Who’s it for? DBA’s and IT Pros who need to audit activity on SQL Servers.
When does it ship? Auditing is part of SQL Server 2008 and will ship as part of the SQL Server 2008 product.
What does it do? Improves compliance and security by allowing you to customize audit activity on your SQL Server Data. SQL Server 2008 provides the tools and processes you need to effectively enable, store and view audit data stored on SQL Server 2008.
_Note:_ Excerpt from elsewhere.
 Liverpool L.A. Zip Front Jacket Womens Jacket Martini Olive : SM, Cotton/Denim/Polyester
What are the components of SQL Audit? There are several components that you create/configure that makes up a single package that audits a server or database actions. These include:
· SQL Server Audit: This is the object that collects server or database audit actions and groups of actions to monitor. When you create an audit you choose where the output of the audit results are stored as well as the maximum file size. You can have multiple audits per SQL Server instance
· Server Audit Specification: This objects belongs to the Audit you created above. You can create one server audit specification per SQL Server per audit. This specification collects many server-level action groups raised by the Extended Events feature.
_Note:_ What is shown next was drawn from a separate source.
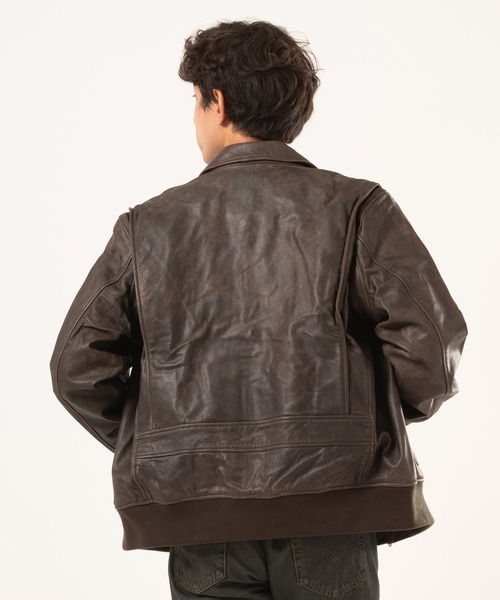Levi's（リーバイス）の「Levi's/リーバイス LEVI'S(R) LEATHER COLLECTION CLAYTON LEATHER AVIATOR JACKET（ブルゾン・メンズ・ブラウン・XL/L/M/S）」の5枚目の写真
· Audit Action Groups: Audit Action Groups are predefined groups of actions exposed by the Database Engine. An example here would be the SERVER_ROLE_MEMBER_CHANGE_GROUP which will raise an audit event whenever a login is added or removed from a fixed server role.
· Database Audit Specification: This object like the Server Audit Specification belongs to a SQL Server Audit. You can have one database audit specification per database, per audit. You can add either audit action groups or audit events to a database audit specification.
· Audit Events: Audit Events are specific database actions that can be audited by the SQL Server. A good example of an audit action is the ability to capture and audit when a SELECT statement is run against a specific table in a database.
· Target: The results of an audit are sent to a target. The target can be a file, the Windows Security Event log, or the Windows Application event log.
What is the process for creating an audit? The basics of creating and using an audit includes:
· Create the audit and define the location of the audit data.
· Create a server audit specification or a database audit specification, map it to the audit created above. Enable the audit specification (these are created disabled by default).
· Enable the audit (also created disabled by default)
· Read the audit events using the Windows Event View, the log file Viewer in SQL Management Studio, or the FN_READ_ADUIT_FILE TSQL function.
Anything I need to be aware of that could cause problems?
· When you create an audit, you have the ability to shutdown a server if a particular audit fails. If this occurs the MSG_AUDIT_FORCED_SHUTDOWN event is written to the log. If you need to bypass an audit-induced shutdown, you can start SQL Server in Single User mode using the –m flag.
· There are also considerations that you need to be aware of when attaching a database with an Audit already defined. If you attach a database that has an existing audit specification and specifies a GUID that does not exist on the server, no audit events will be recorded. To correct this, you can alter the audit specification and point it to an existing audit or use the CREATE SERVER AUDIT WITH GUID command to create a new audit with the GUID from the other server.
· If you use database mirroring and have a database audit specification defined you must do the following:
- The mirror server must have an audit with the SAME GUID to enable the audit. Use the CREATE SERVER AUDIT WITH GUID command.
- The mirror server service account must have appropriate permissions to the location where you are writing the audit information.
- If you are writing events to the Windows Event log, the security policy on the mirror server must allow for service account access to the security or event log.